> About this exercise:
Your answer must contain each line of the data, copied exactly.

> Data extract:
▬▬▬▬▬▬
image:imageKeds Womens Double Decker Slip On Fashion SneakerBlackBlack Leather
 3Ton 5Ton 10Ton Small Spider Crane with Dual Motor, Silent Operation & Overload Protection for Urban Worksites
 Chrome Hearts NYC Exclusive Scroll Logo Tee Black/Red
▬▬▬▬▬▬
> Finished exercise:
image:imageKeds Womens Double Decker Slip On Fashion SneakerBlackBlack Leather
 3Ton 5Ton 10Ton Small Spider Crane with Dual Motor, Silent Operation & Overload Protection for Urban Worksites
 Chrome Hearts NYC Exclusive Scroll Logo Tee Black/Red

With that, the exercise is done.